A morte de Evaldo Rosa na zona norte do Rio de Janeiro, em Guadalupe, é mais uma história chocante onde a sociedade exibe os critérios dos agentes de segurança no uso de armas. Conhecer que foram 80 tiros contra um carro de pessoas desarmadas, uma família a caminho de uma festa de chá de bebê, logo nos une sobre algo que nada parece razoável.

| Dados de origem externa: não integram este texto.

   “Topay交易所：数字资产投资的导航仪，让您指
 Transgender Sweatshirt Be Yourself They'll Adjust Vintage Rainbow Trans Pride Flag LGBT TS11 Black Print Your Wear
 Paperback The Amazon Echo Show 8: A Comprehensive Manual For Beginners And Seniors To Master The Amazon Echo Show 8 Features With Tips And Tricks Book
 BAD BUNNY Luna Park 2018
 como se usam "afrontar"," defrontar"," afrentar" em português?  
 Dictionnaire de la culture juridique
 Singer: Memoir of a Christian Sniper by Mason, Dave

Apesar da mobilização social se atentar bastante para o sofrimento da família de Evaldo, o que inclui o testemunho de seu filho de sete anos de idade, que estava no local, dizer e repetir que Evaldo era pai de família não justifica a morte de outros sem família, mas tem uma função: evidenciar que morre quem estiver do outro lado do fuzil, sem considerar qualquer movimento suspeito, qualquer ação. A pessoa morre pelo o que é, e não pelo o que fez. Existe um comando de fogo, que não segue qualquer critério que se justifique em segurança pública: sinalização, prestar socorro, proteger pessoas próximas ao “alvo” da ação. É um comando de morte, que ao ser executado por militares do Exército carrega uma série de dúvidas que necessitam atenção.
Evaldo morreu porque era um homem negro dentro de um carro no subúrbio do Rio. Nada fez. Na versão dos militares do exército o carro de Evaldo se parecia com o carro de um assaltante. Aparência. Não há registros nem de que Evaldo agisse como um assaltante em fuga. Na sequência da investigação, as versões dos envolvidos foram de “injusta agressão” até negar os fatos.

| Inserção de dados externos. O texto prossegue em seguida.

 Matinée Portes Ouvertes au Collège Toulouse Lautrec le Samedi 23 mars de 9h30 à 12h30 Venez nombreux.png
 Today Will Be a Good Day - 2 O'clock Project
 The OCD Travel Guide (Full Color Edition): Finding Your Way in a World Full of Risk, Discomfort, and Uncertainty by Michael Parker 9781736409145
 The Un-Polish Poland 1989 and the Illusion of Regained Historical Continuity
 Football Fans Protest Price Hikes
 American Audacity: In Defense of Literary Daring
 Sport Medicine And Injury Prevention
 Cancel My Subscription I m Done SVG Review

Aqui temos um problema grave até para quem acredita que “bandido bom é bandido morto”, o destino de Evaldo se aproxima tristemente de você. É difícil delimitar quem o fuzil atinge, principalmente se você se iguala em cor e local de residência com o dito suspeito padrão. Não existe caminho do meio quando a lógica é a eliminação do inimigo ou o parecido com o inimigo.
Por isso, dar poder de fogo para que agentes de segurança atuem de acordo com suas impressões não é seguro para ninguém. O fazer e o agir ficam em segundo plano, vale a regra do parecer, e com baixíssimo, para não dizer nulo, critério de proporcionalidade em um contexto de racismo institucional. Nada se pergunta, apenas se aciona fogo. A figura da pessoa perseguida ou alvejada é que justifica a matemática sem pudores.